Gourd Basket with Chrysanthemum Design
菊文瓢形籠
by Ogata Kōrin
- Date:
- 1700s
- Medium:
- Decorated basket-form vessel
- Source:
- The Cleveland Museum of Art
Description
Gourd Basket with Chrysanthemum Design is a decorative object in the collection of the Cleveland Museum of Art (acc. 1963.101), dated by the museum to the eighteenth century and associated with the Ogata Kōrin and Ogata Kenzan workshop collaboration. The form takes the shape of a basket woven in the manner of the gourd-shaped flower vessels (hyōtan kago) that became fashionable in the late seventeenth and early eighteenth centuries for ikebana flower arrangement in the tea-ceremony interior, and the surface is decorated with chrysanthemum heads, leaves, and stems painted in the Rinpa idiom of bold curving silhouettes and flattened color masses against the basketwork ground.
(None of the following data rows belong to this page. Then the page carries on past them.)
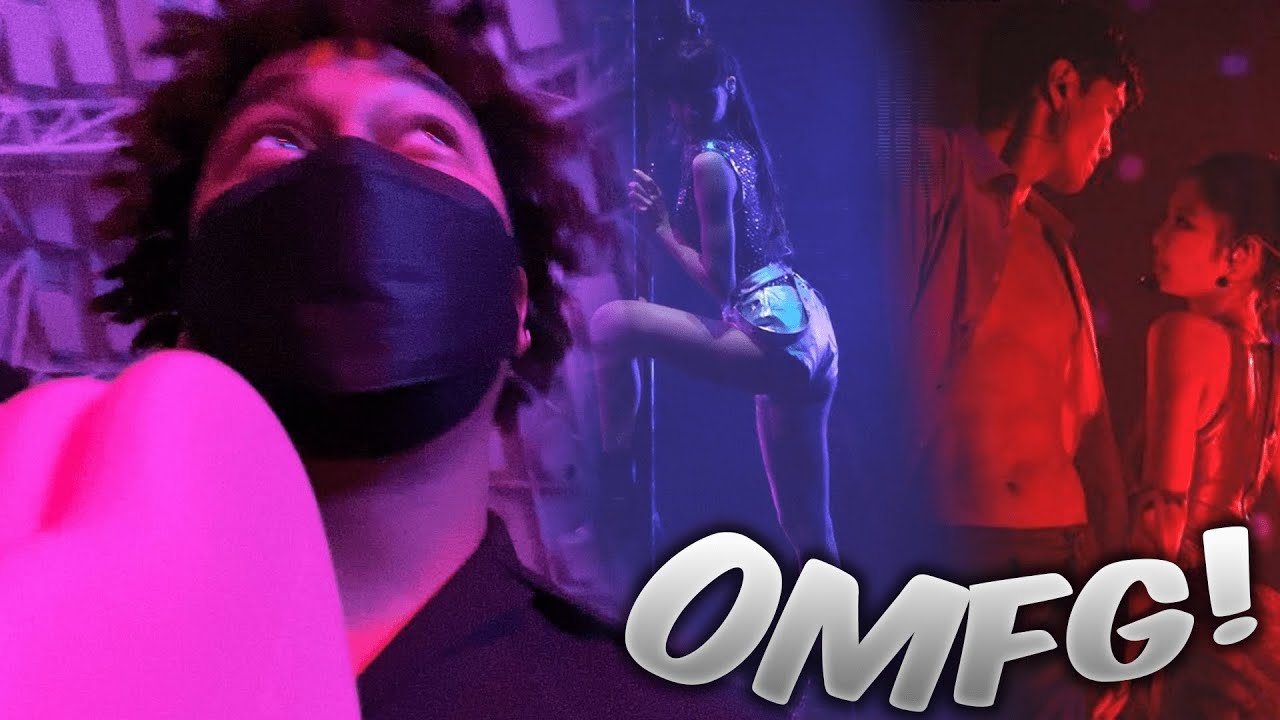 I Went to SOUTH KOREA to see BLACKPINK! - BORN PINK CONCERT EXPERIENCE (VLOG)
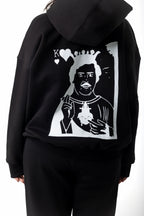 PABLO OVERSIZED HOODIE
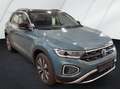 Volkswagen T-Roc 2.0 TDI DSG Goal AHK NAVI KAM LED-PLUS APP Blau - thumbnail 4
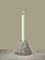 Kerzenhalter aus Aluminium & Bronze von Pieterjan, 2er Set 5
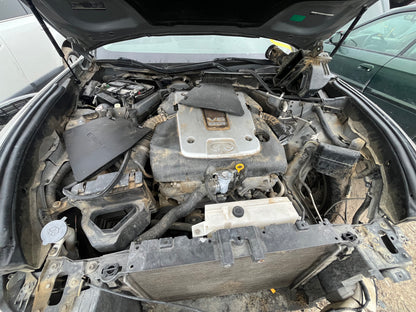 2013 Infiniti M37 - Stock #: M18925 - MXC-15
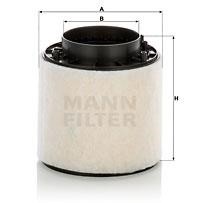 Mann-Filter C 16 114/3 X Filtr powietrza C161143X: Dobra cena w Polsce na 2407.PL - Kup Teraz!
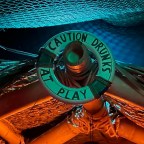 Whoo Hoo for Orinda’s BOO LOO LOUNGE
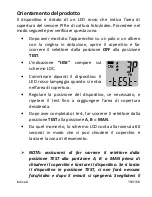 Preview for 154 page of Num'axes PIE 1013 Instruction Manual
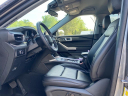 2023 Ford Explorer XLT at Bill Talley Ford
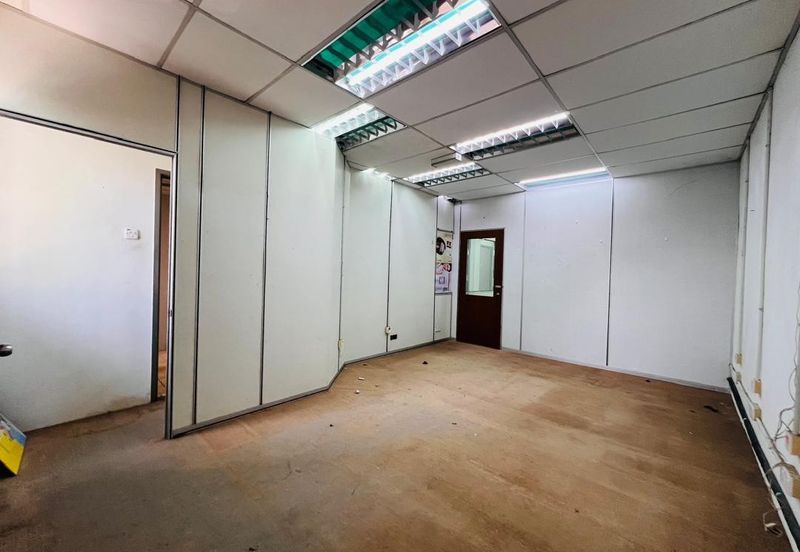 Seksyen 3 Bandar Baru Bangi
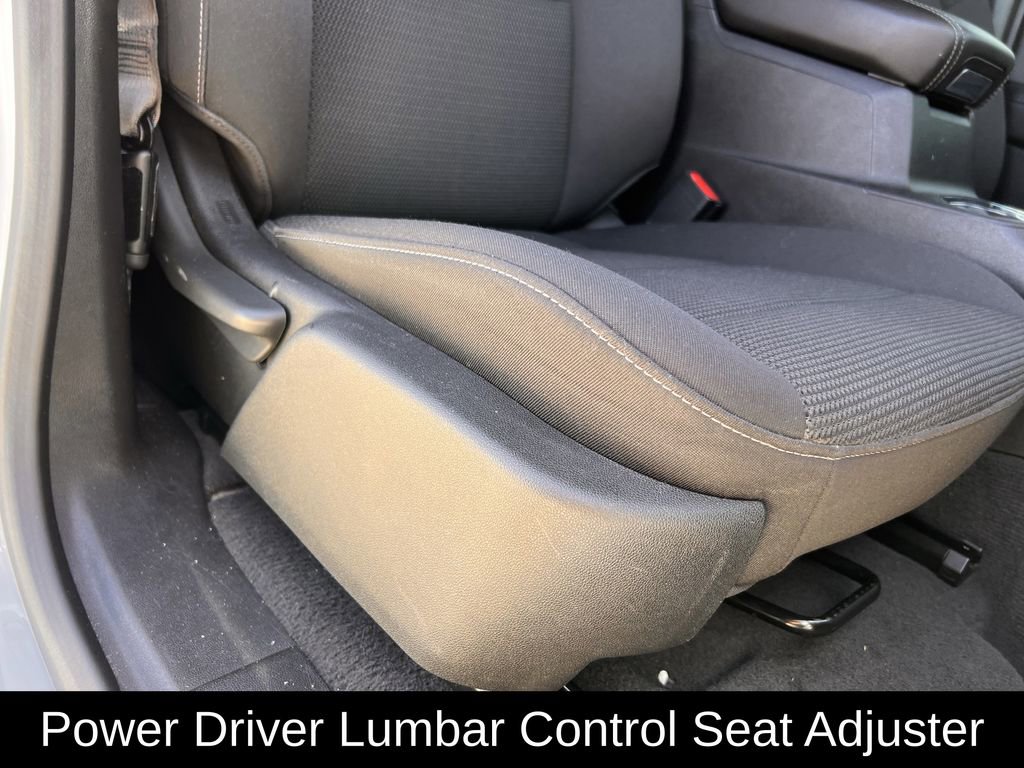 Used 2024 GMC Canyon Elevation w/ Convenience Package image 31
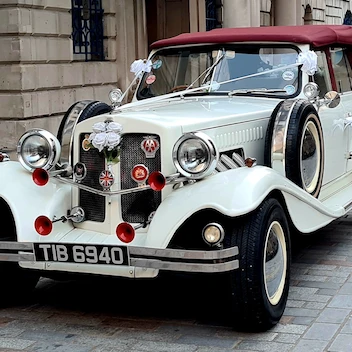 UK Wedding Cars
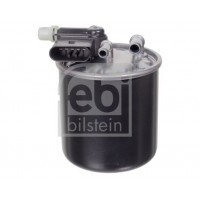 100470 FEBI BILSTEIN Паливний фільтр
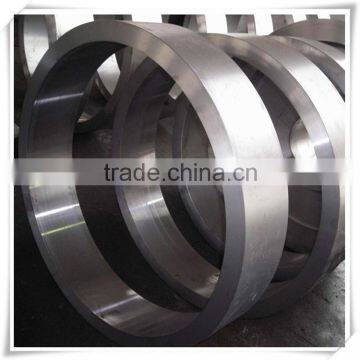 Large forging/forged ring stainless steel for heavy duty truck/tractor low price reliable quality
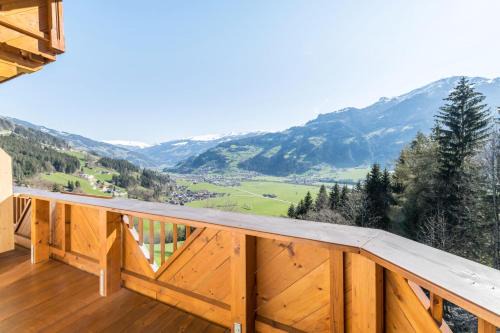 Schwendau Apartamento | Ferienwohnung Valentina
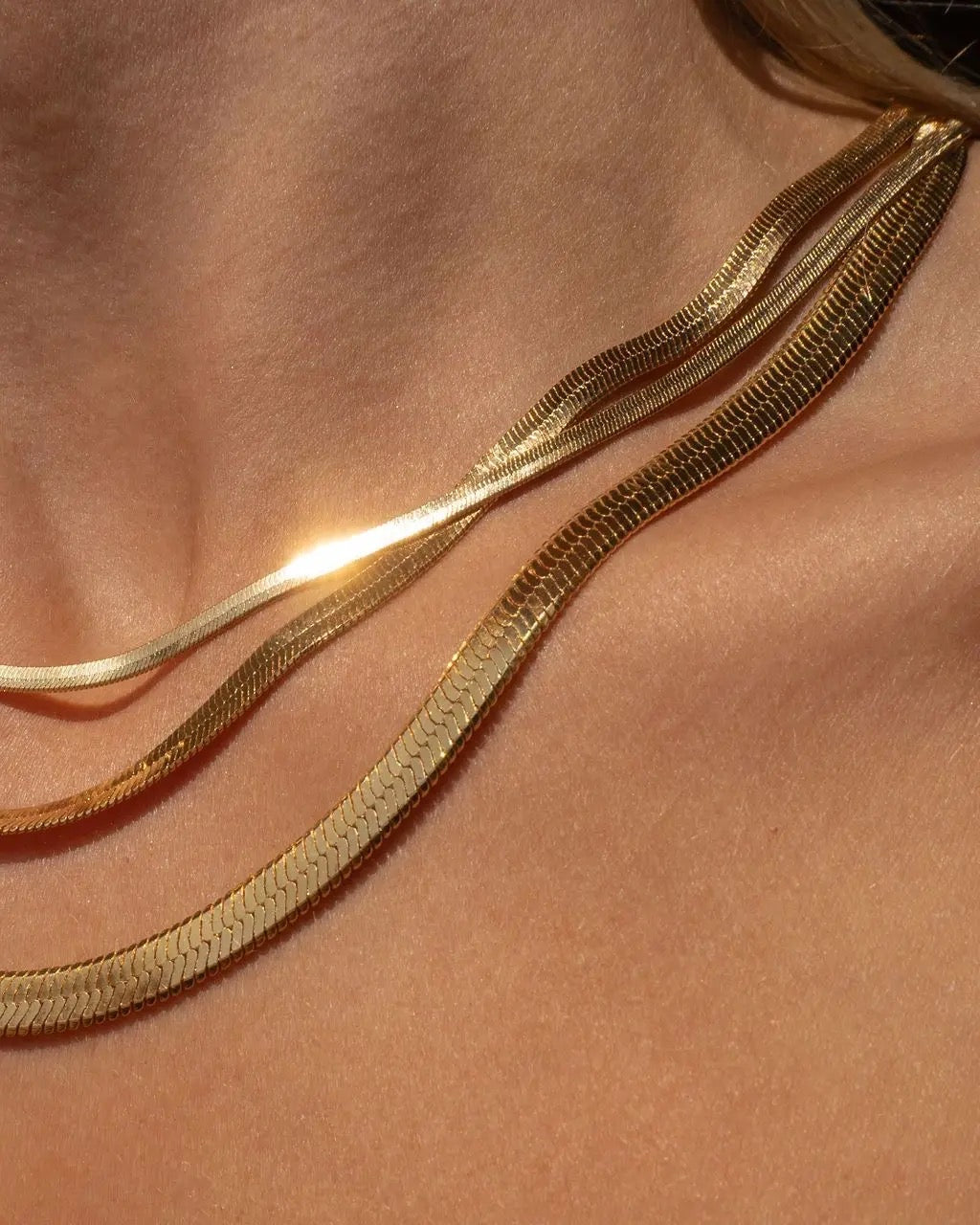 Elarosa Aphrodite Kolye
The chrysanthemum is the autumn flower par excellence in the East Asian decorative-arts vocabulary and carries the same set of associations — longevity, scholarly retreat, the Tao Yuanming poetry tradition, the Chōyō festival on the ninth day of the ninth lunar month — that it carries in the painted Rinpa compositions on which it appears. The object exemplifies the way the same decorative vocabulary that Kōrin deployed on his folding screens and hanging scrolls moved freely into the smaller-scale decorative objects of the Ogata workshop and into the wider Kyoto luxury-arts trade of the eighteenth century; it entered the Cleveland collection in 1963 as part of the museum's substantial holdings of Rinpa-period decorative arts.